Seperti biasa, ada atau tanpa saya, ibu dan ayah selalu memasak bersama. Dahulu, saat ibu masih muda, jadwal masak beliau adalah 2 kali sehari, yaitu sehabis shalat shubuh dan setelah shalat ashar. Kalau beliau memasak pagi-pagi, biasanya ditemani oleh ayah. Beliau berkata takut sendirian. Hehe. Kalau sekarang, Ibu masak ditemani Ayah karena beliau sudah sakit. Tangannya sudah tidak kuat lagi untuk sekedar 'ngulek' sambal. Dan Ayah juga selalu menolong untuk mengukur kelapa. Hehe, pokoknya 'so sweet' gitu lah. Nah, tadi saya juga ikutan nyempil. Mendapat bagian membersihkan ikan, ayam, dll. Cuma dibersihkan saja karena tidak dimasak sekarang, tapi disimpan dulu.

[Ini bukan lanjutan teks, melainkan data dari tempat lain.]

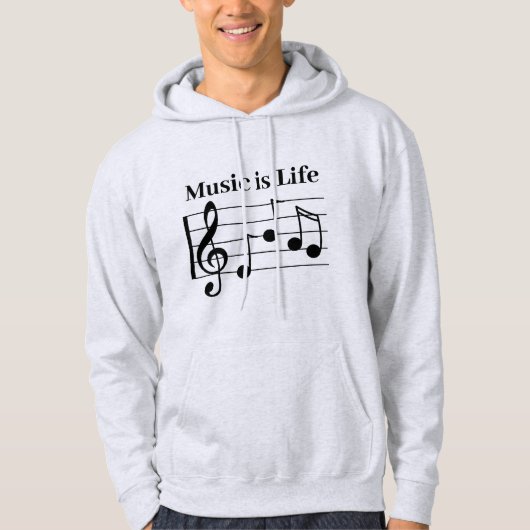 Muziek Mashup Muziek is Life Ash gekleurde hoodie (Voorkant)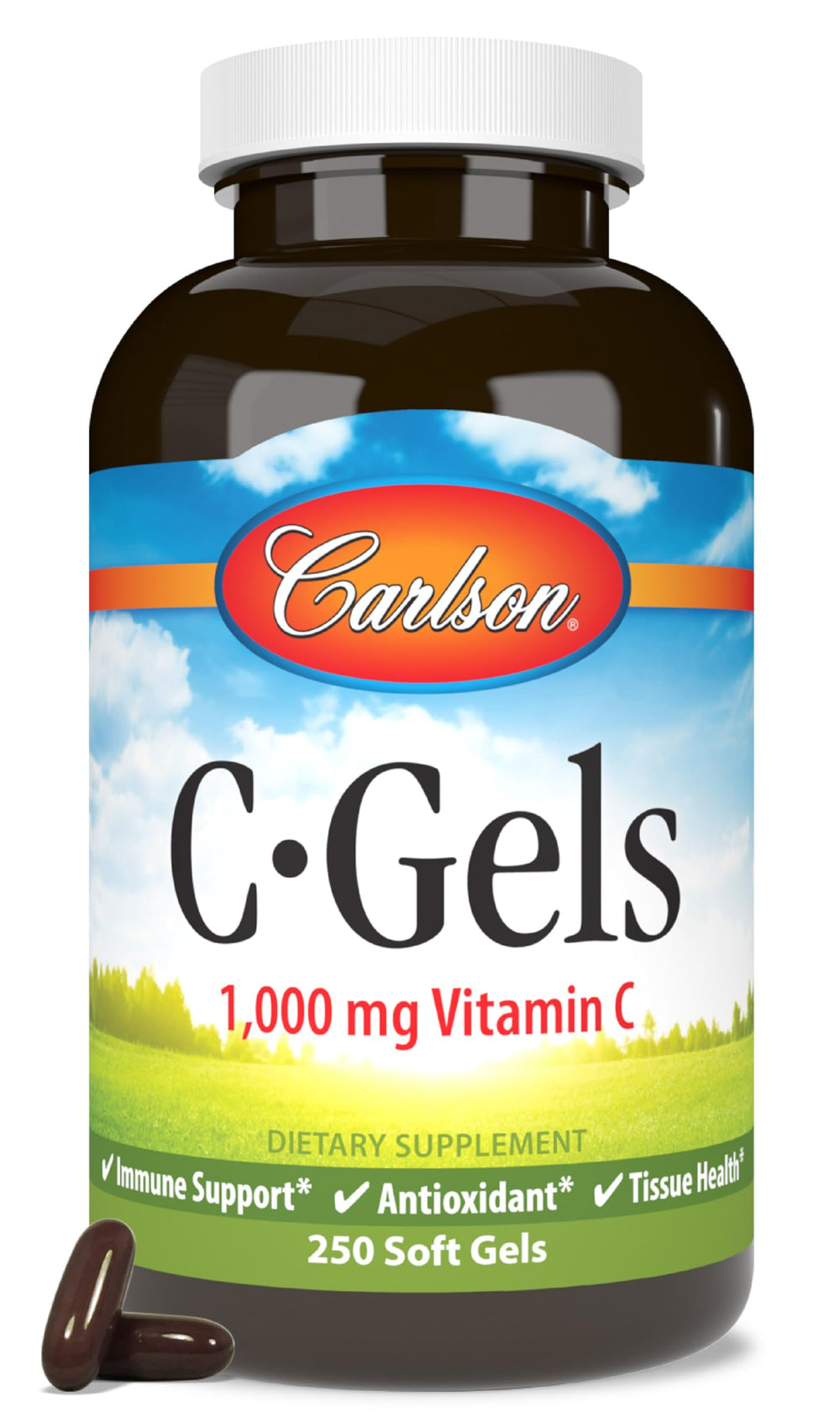 Carlson C-Gels 1000 mg vitamin C softgel bottle shown for daily immune support.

Di tengah acara masak-memasak keluarga tersebut, sesekali ibu menyinggung betapa beruntungnya kami sekeluarga karena sudah 'berhasil' semua. Uhuk, iya saya tau kalau saya belum. Hehe. Ibu berkata bahwa kita harus banyak-banyak bersyukur atas keadaan ini. Kami, anak-anaknya sangat mudah mendapat pekerjaan. Lihat saja Da Deden lulus polisi dengan menjadi lulusan terbaik no 3 se sumatera barat dan no 7 di antara 3 provinsi. Lihat juga Da Andi lulus tes PNS pemda Pasaman, padahal yang diterima cuma 2 orang. Lihat juga Iyon, diterima di kemenkumham, padahal yang ikut tes ribuan dan yang diterima hanya 5 orang. Ah~ kalau boleh mengutip kata para tetangga, 'nasib baik memang menyertai kalian'. Namun, mengapa hal itu bisa terjadi dengan gampangnya?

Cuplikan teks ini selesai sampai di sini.